A década de 70, marcada pelo 25 de Abril de 1974, teve na altura uma grande repercussão quanto ao futuro do Conjunto. De facto António Mafra não só era um compositor nato para as coisas simples de que o povo tanto gosta, mas também um bom empreendedor. Germinava na sua cabeça que o grupo também devia ser dono do seu destino e como tal nasceram os Mafras, (entre 1967/1968), e que não seria apenas mais uma etiqueta mas também uma editora dedicada à Música Portuguesa. Infelizmente o sonho de António Mafra durou poucos anos, pois desapareceu do mundo dos vivos em 1976 com apenas 43 anos. Um desaparecimento que pesou muito na altura, com um hiato musical de vários anos, até que um dia o seu irmão José mais o grupo decidiram continuar, perpetuando assim a sua memória. Felizmente ao longo dos anos vários são os artistas que descobrem a importância do legado musical de António Mafra na Música Popular Portuguesa, e, entre eles está Sérgio Godinho (também ele nascido no Porto), que ao longo dos anos tem mostrado o seu carinho e apreço. As suas versões, ao vivo e em disco (“O Carteiro” é um bom exemplo), já deveriam ter dado azo a um álbum de tributo, tal como o colectivo “Os Humanos” mostraram o caminho com a obra de António Variações. Quem também se dedicou também a divulgar (e bem) ao longo da década de 90 foram os Sitiados do saudoso João Aguardela (“Menina Yé Yé” de António Mafra aparece no álbum “Sitiados II”).

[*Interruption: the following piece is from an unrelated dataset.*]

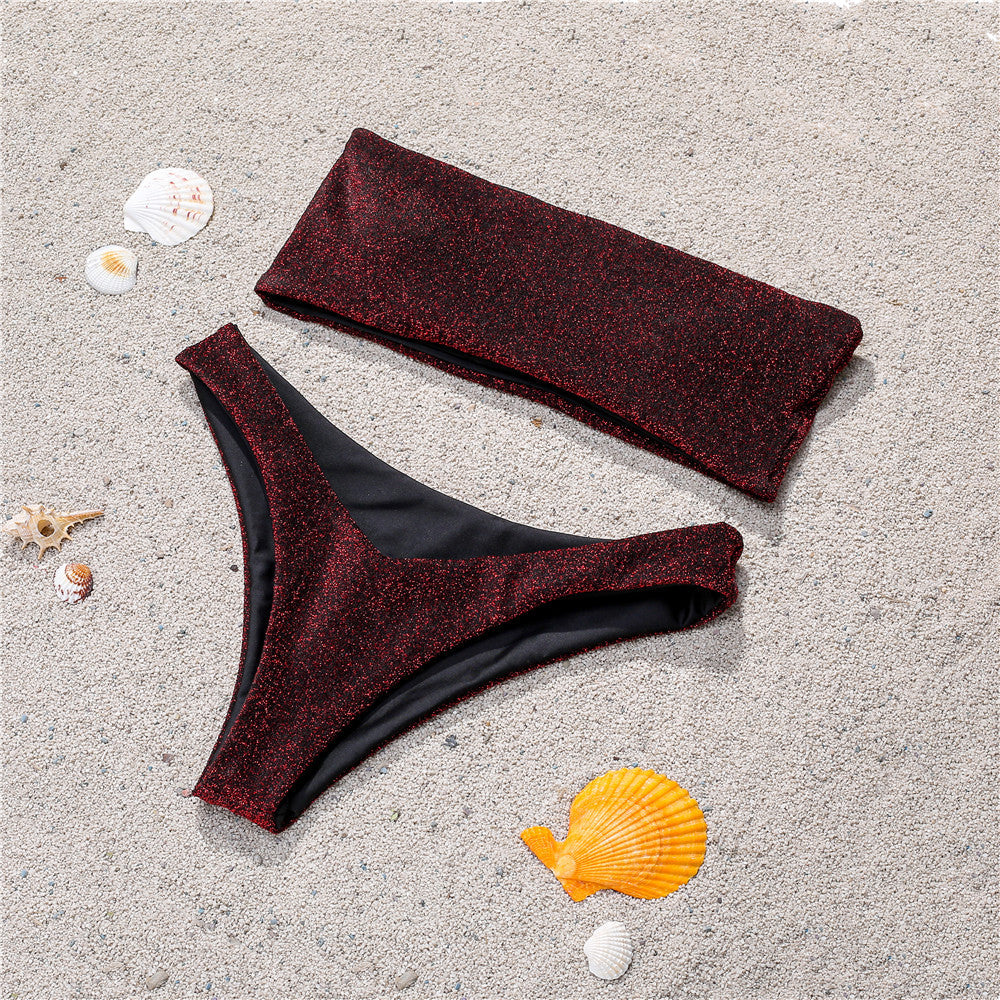 Damen Bandeau-Bikini mit schimmerndem Oberteil EB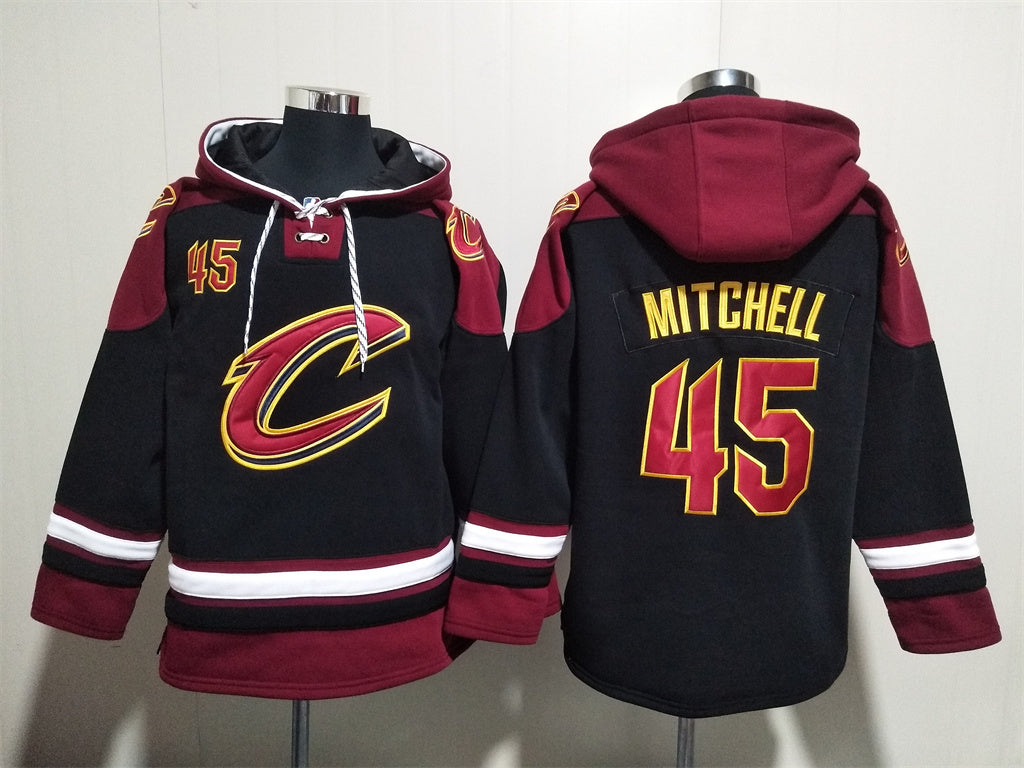 Men's Donovan Mitchell Cleveland Cavaliers Black Ageless Must-Have Lace-Up Pullover Hoodie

Neste novo milénio temos que falar obviamente no colectivo Vozes da Rádio. Em 2007 editaram o surpreendente “Sete e Pico, Oito e Coisa, Nove e Tal”, um disco de tributo ao Conjunto António Mafra com as participações, entre outras, de Rui Veloso, Sérgio Godinho, Manuela Azevedo, Sérgio Castro, Miguel Guedes e Rui Reininho. Um álbum com 13 temas que também contou a presença dos Mafras, uma aposta ganha comercialmente e que se mostrou mais gratificante em 2009 com a edição especial ao vivo, em CD / DVD. “Ora Vejam Lá” gravado ao vivo no Fórum da Maia, foi até hoje a homenagem mais sentida e a de maior gratidão a tão preciosa “instituição” musical e cultural que ao longo de muitos anos fez chegar o nome do Porto e de Portugal aos quatro cantos do mundo. Mas, como sempre acontece aos que estão vivos, nem sempre a comunicação social e as entidades oficiais são tão generosas como as gentes do povo. E, se mais nada houver, pelo menos fica este pequeno testemunho escrito para memória futura, que, como diriam os Mafras, “Ora Leiam Lá”!